**Directions for this task:** Make the copy match the entries below exactly, with no pictures carried over.
── Source data ──
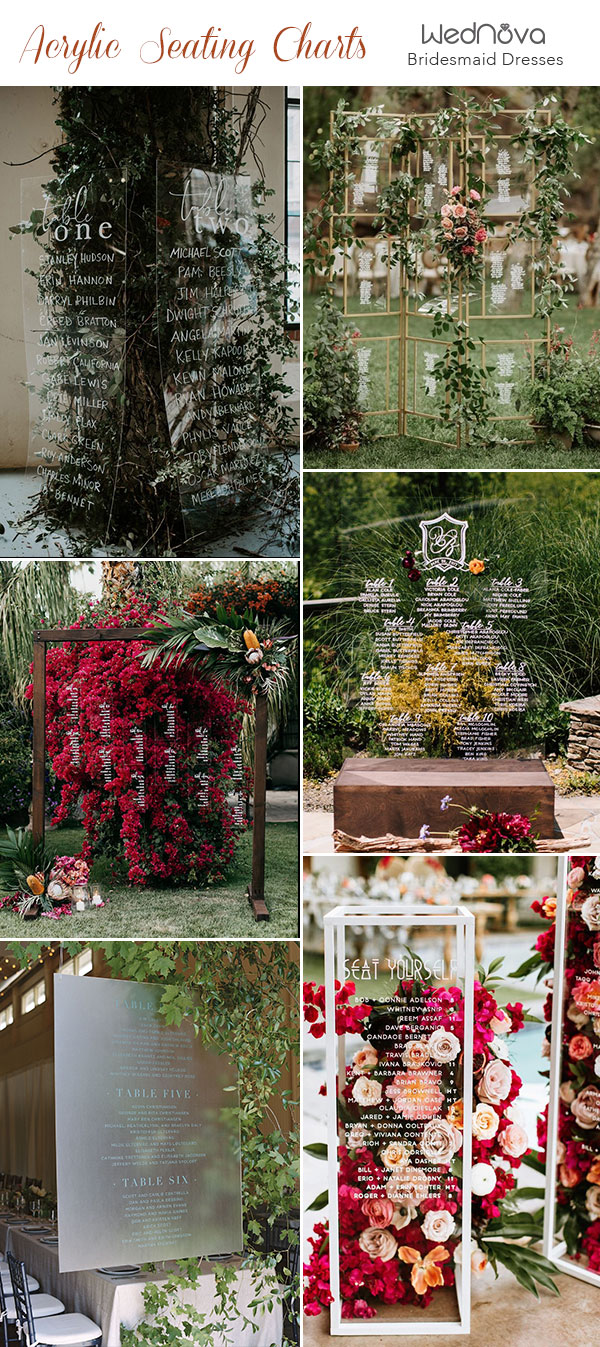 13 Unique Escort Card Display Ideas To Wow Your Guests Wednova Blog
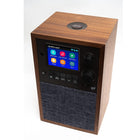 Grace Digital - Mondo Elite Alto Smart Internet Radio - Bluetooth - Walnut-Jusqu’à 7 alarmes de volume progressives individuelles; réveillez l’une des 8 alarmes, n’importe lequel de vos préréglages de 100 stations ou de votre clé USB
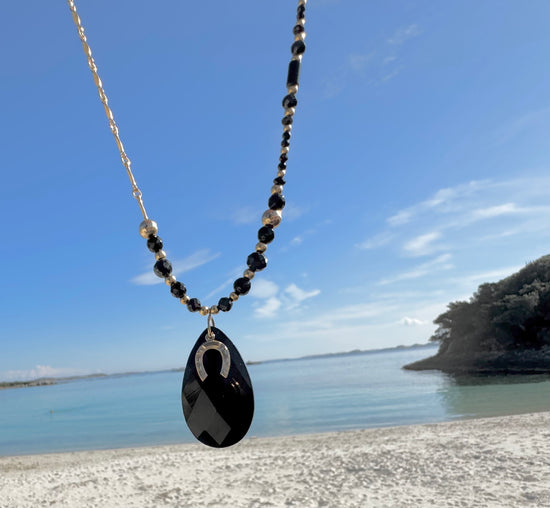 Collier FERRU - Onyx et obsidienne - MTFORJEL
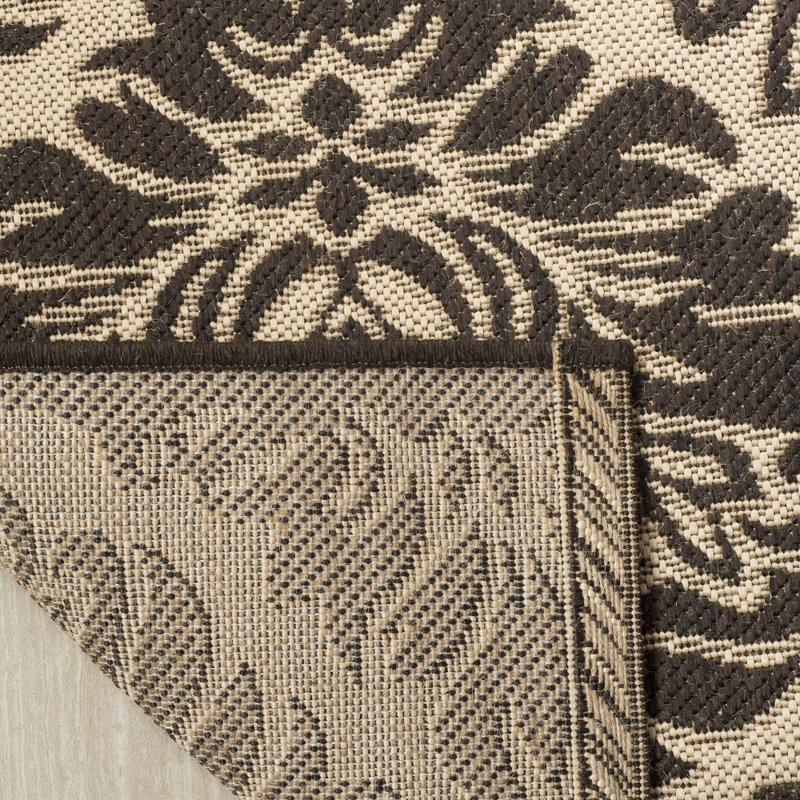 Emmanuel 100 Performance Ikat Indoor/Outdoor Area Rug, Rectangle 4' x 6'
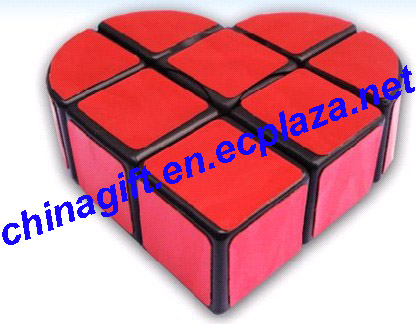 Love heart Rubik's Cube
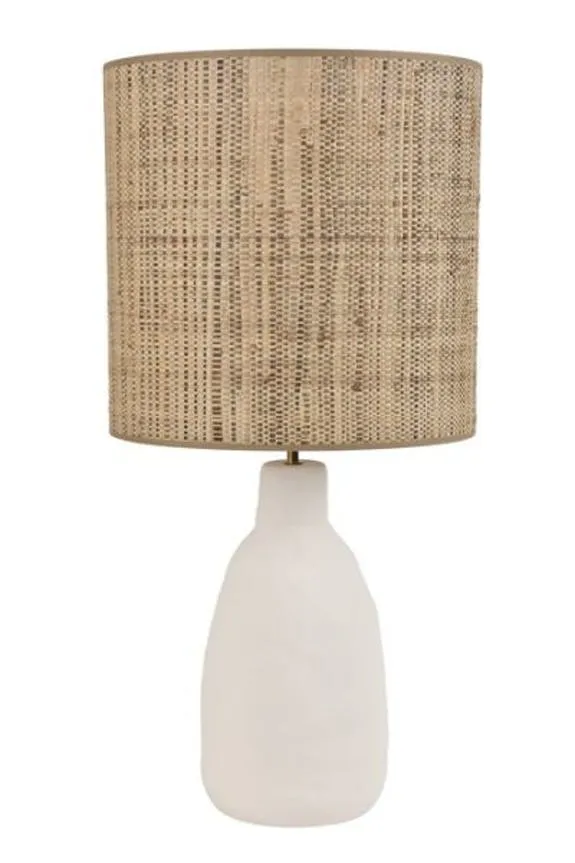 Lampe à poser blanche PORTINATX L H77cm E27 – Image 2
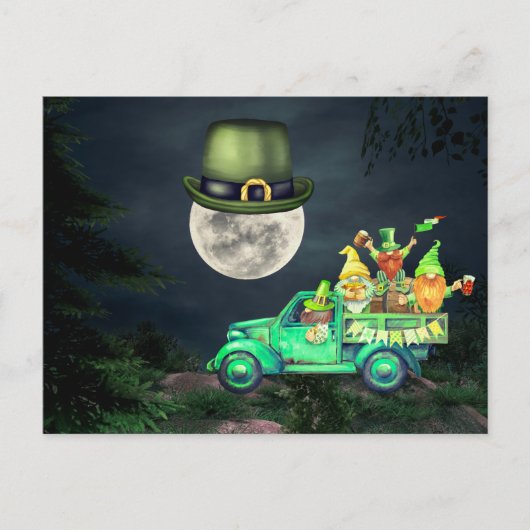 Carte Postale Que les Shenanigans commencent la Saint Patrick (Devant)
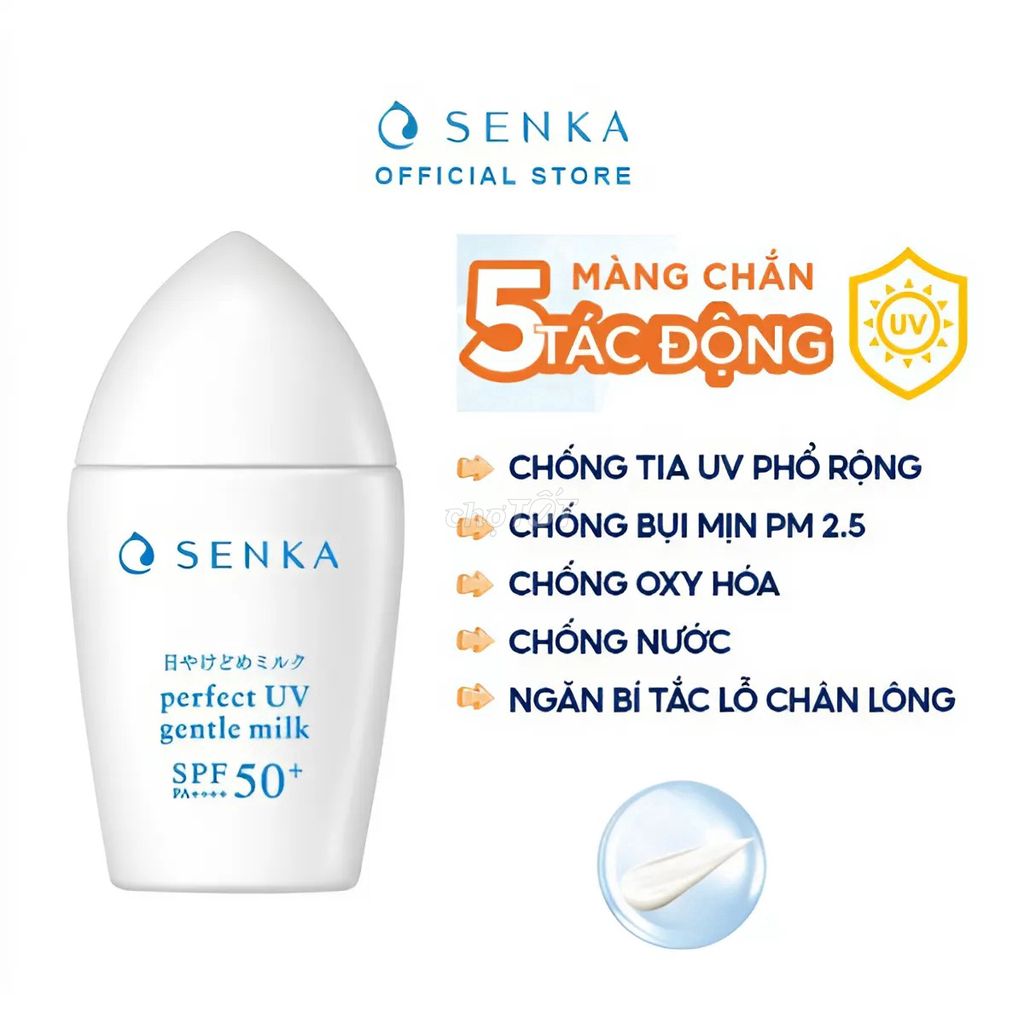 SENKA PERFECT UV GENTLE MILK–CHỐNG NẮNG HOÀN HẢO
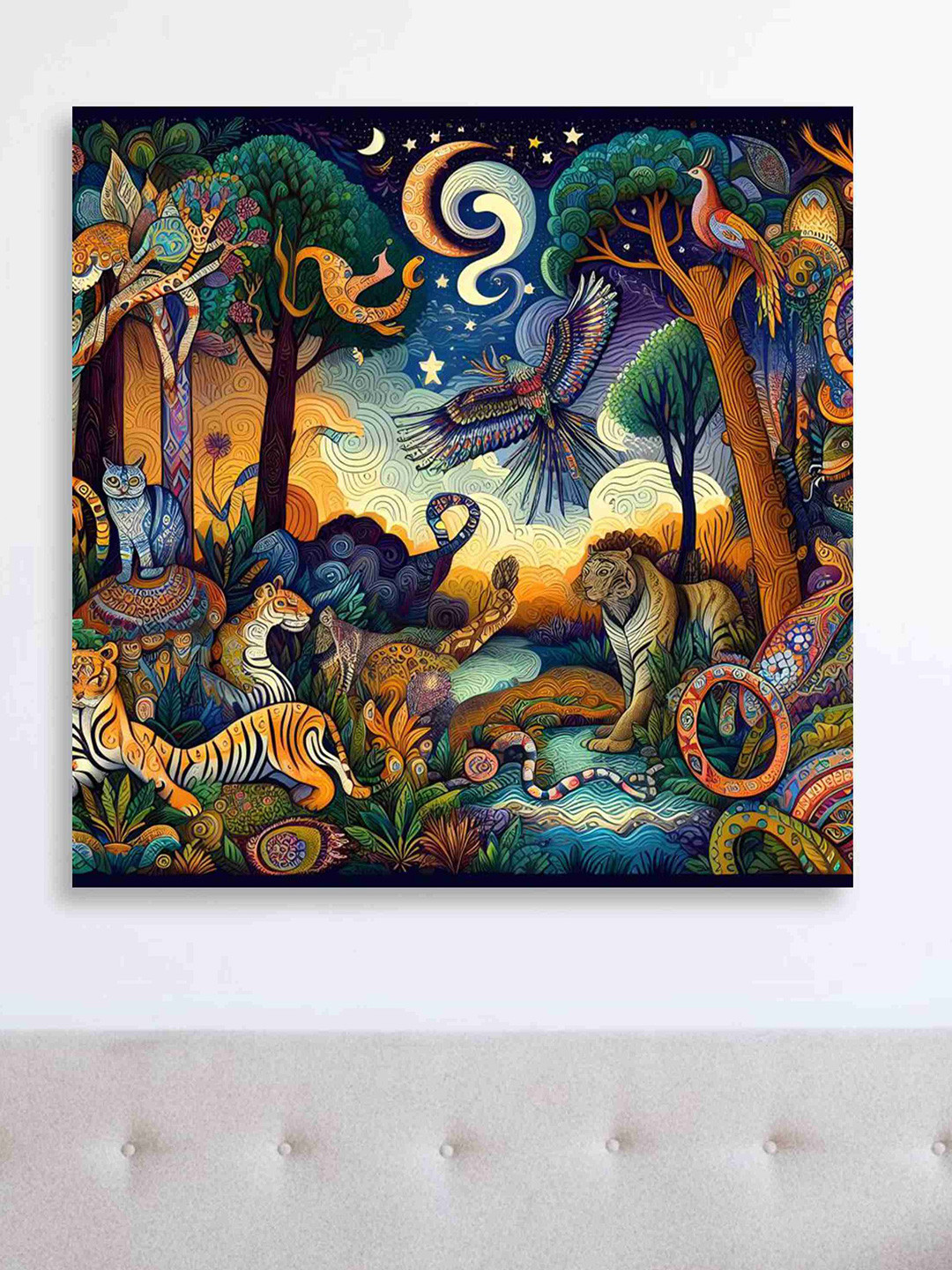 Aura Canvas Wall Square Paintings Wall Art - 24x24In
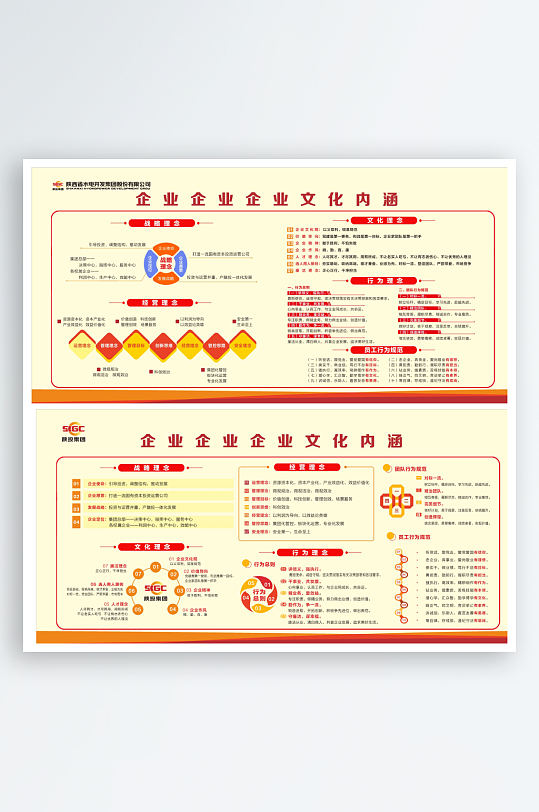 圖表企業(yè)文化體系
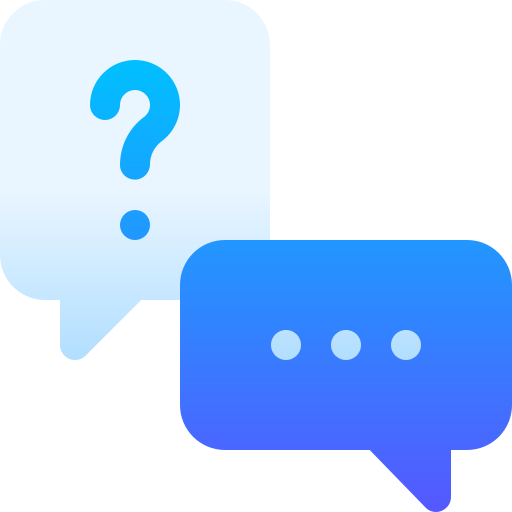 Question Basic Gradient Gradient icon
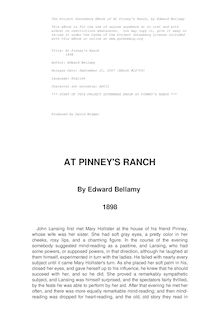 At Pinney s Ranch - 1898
───
**Solution to the exercise:**
 13 Unique Escort Card Display Ideas To Wow Your Guests Wednova Blog
 Grace Digital - Mondo Elite Alto Smart Internet Radio - Bluetooth - Walnut-Jusqu’à 7 alarmes de volume progressives individuelles; réveillez l’une des 8 alarmes, n’importe lequel de vos préréglages de 100 stations ou de votre clé USB
 Collier FERRU - Onyx et obsidienne - MTFORJEL
 Emmanuel 100 Performance Ikat Indoor/Outdoor Area Rug, Rectangle 4' x 6'
 Love heart Rubik's Cube
 Lampe à poser blanche PORTINATX L H77cm E27 – Image 2
 Carte Postale Que les Shenanigans commencent la Saint Patrick (Devant)
 SENKA PERFECT UV GENTLE MILK–CHỐNG NẮNG HOÀN HẢO
 Aura Canvas Wall Square Paintings Wall Art - 24x24In
 圖表企業(yè)文化體系
 Question Basic Gradient Gradient icon
 At Pinney s Ranch - 1898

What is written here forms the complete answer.